平山(役所広司)は、渋谷区の公衆トイレ(デザイナーズトイレ)の清掃員をしている。朝早く起き、身支度を整え、自宅アパート前の自動販売機で缶コーヒーを買い、運転する車の中で洋楽のカセットテープを流し、いくつものトイレを丹念に磨く日々。仕事帰りには銭湯に入り、浅草の地下で食を味わい、浅草の居酒屋で一杯やる。仕事から帰ってからは自転車で移動し、古本屋に立ち寄って本を買い、夜にはその本を読むという毎日。
昼食は神社の境内でサンドウィッチを食べ、同じく境内で食事をしているOLと挨拶をする。無口で不器用な男である。

仕事の部下というか同僚であるタカシ(柄本時生)がアイという女性(アオイヤマダ)と恋仲になる。アイが働くガールズバーでデートをしたいタカシは金がないことを嘆き、平山はタカシに金を貸すのだが、やがてタカシは仕事を辞めてしまい……。

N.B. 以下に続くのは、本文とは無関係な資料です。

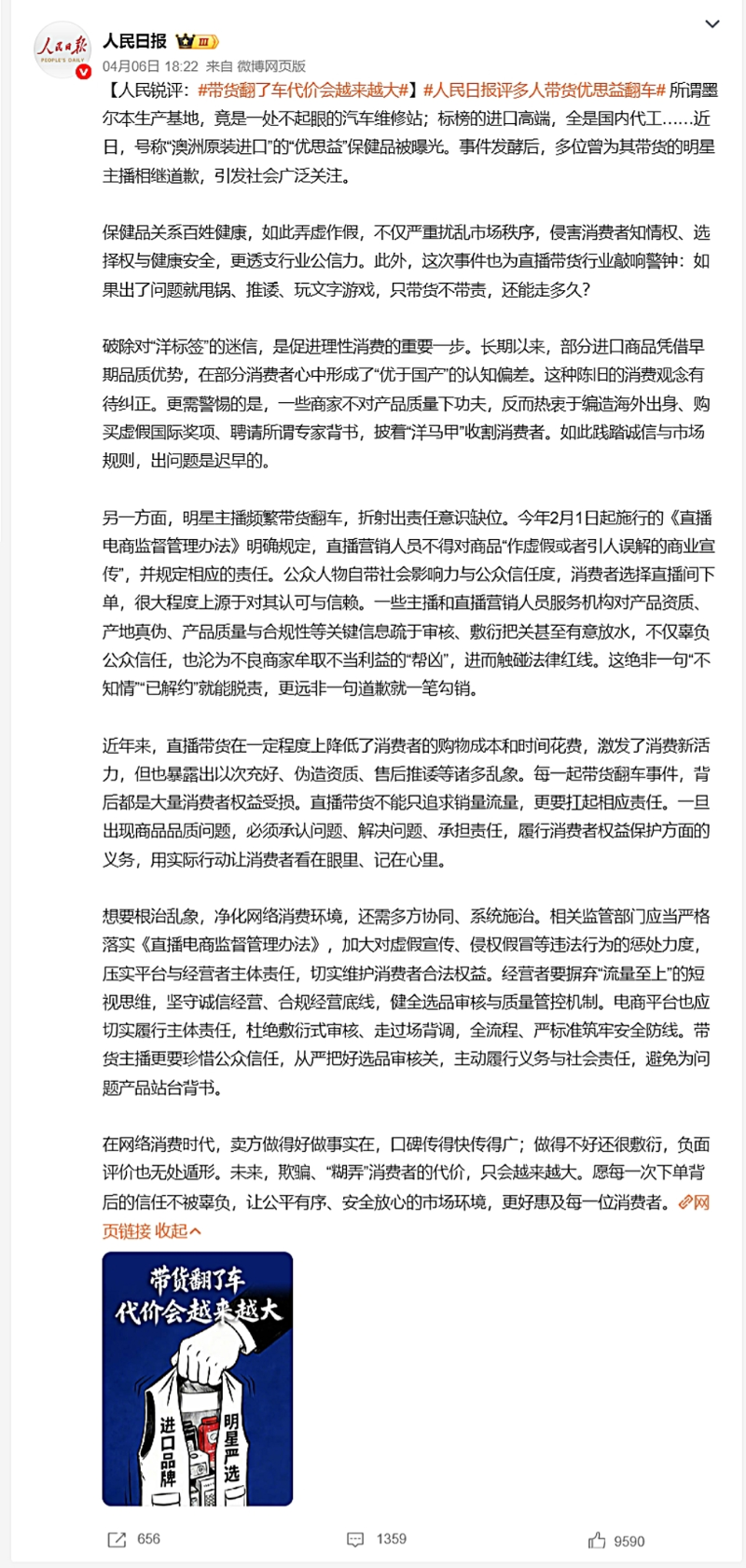 《人民日报》发文。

一方、平山の姪(妹の娘)であるニコ(中野有紗)が、母親(麻生祐未)と喧嘩をして平山のアパートを訪ねてくる。

淡々とした日常の中に起こるちょっとした出来事が丁寧に描かれているという印象を受ける作品。平山の日常はほとんど毎日変わらないのだが、周囲の人々が少しずつ変わっていく。仕事を辞めたタカシ、突然訪ねてくるニコ、浅草の居酒屋のママ(石川さゆり)の元夫で癌を患っている友山(三浦友和)。平山の周囲を様々な人々が駆け抜けていく。そんな些細な日常の変化を上手く捉えた作品といっていいだろう。決して派手な映画ではなく、むしろ地味な作品に分類されると思われるが、ラストで説明される木漏れ日のようにたゆたう日常が不思議な浮遊感を伴って観る者の胸をとらえる。